The Oracle Open World held at San Francisco 2013 revealed quite a few developments in the world of technology. The hardware and software systems giant Oracle unveiled 10 services of the cloud that let the customers make the most of the enterprise capabilities. One of its new features includes the Oracle cloud marketplace which allows its customers to surf internet, analyze and buy business applications.
- Compute Cloud
- Java Cloud
- Mobile Cloud
- Object Storage Cloud
- Documents Cloud
- Database Backup Cloud
- Business Intelligence Cloud
- Database Cloud
- Billing and Revenue Management
Cloud These are the rest of the services from the Cloud Model.
With a customer base of 10,000 companies, the Oracle Cloud takes care of as many as 18 billion transactions every day. All these services have been conceptualized and launched with an aim to offer innovate and reliable business applications to its customers. The developers have created mobile application programming interfaces to allow integration of their applications along with enterprise data and services. On the other hand, with Database Oracle the user can configure the volume of storage they require. While https://www.cialispascherfr24.com/cialis-pas-cher-france-normandie/ they do this, Oracle will handle the cloud database through a back up at night. If need be, it will manage the patches, updates of the software and maintenance services as well. The new Java Cloud functions on the basis of WebLogic Server clusters. The good news is that it can be modified with any Java application. This feature allows three alternatives of basic, maximum availability and managed on a monthly subscription basis. Just this sneak-peek into the whole gamut of Cloud services and as a user you already can feel the excitement.

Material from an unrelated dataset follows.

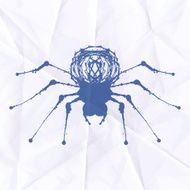 Spider blot on crumpled paper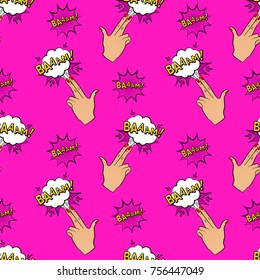Abstractas patrón de pin up sin costuras para niñas, niños, ropa. Fondo de pin de Vector creativo con pistola de dedos, nube. Fondo de pantalla de patrón divertido para la materia textil y la tela. Estilo de arte pop de moda.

August is a hot time and in Open Source there were several hot topics worth more than a mention on opensource.com. In all there were 47 articles with a total of 200000 page views in the month, a pointer to growing popularity of this platform.

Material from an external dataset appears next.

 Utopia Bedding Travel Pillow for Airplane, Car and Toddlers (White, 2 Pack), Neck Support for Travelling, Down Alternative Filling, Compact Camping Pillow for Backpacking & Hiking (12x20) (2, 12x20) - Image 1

When it come too hot topics of the month, Bringing Open Source Methodologies to Local Communities undoubtedly topped the list with huge public interest in the use of open source for community betterment. Education is another sector where open sector is covering ground, worthy of mention being Boston X and availability of guide to free and open source education. Programmable Robots are all the rage with students and Charlie Reisinger, IT Director for PennManor School District showcased how scratch and The Finch, a programmable robot ran on open source vgrmalaysia.net code.
Mention Cloud and open source is never far away, forming the backbone of many cloud services. Georg Greve came out with a wonderful guide on how to select a cloud service provider that is a must for business users and just as useful for individuals too.

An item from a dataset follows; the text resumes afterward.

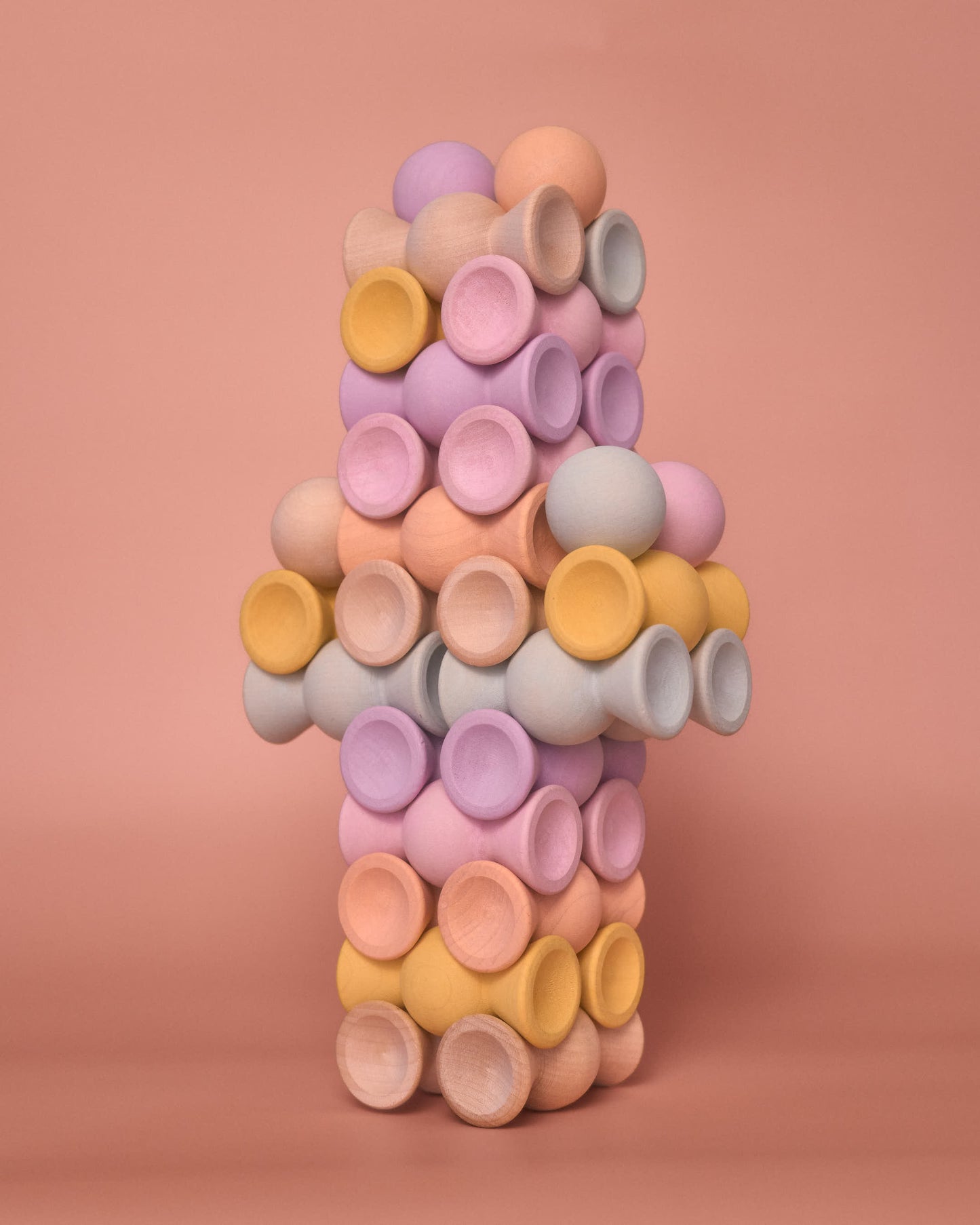 Chill Pepper Sweets – Houten Stapelspel "Peachy Pastels" (33 stuks)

A Red Hat Linux intern gave his unique take on Pulp, a platform that helps users manage content repositories with an accent on cloud providers and data security. It is worth a read.
When it came to page view five articles topped the list starting with A year of Linux Desktop at West cliff High School by stu Jarvis, KDE Marketing Working Group, with the highest at 9992. Afraid Someone Will Steal your Idea by Daniel Solis, Art Director and Game designer was next with 9113 views. Bryan Behrenshausen’s How to create an EBook the Open Source way was third with 5901 page view. Richard Fontana’s Post Open Source Software Licensing and Github had a somewhat lower score of 3683 at fourth position and Michael Tiemann’s Can there Be Open Source Music was fifth placed with 3657 page views.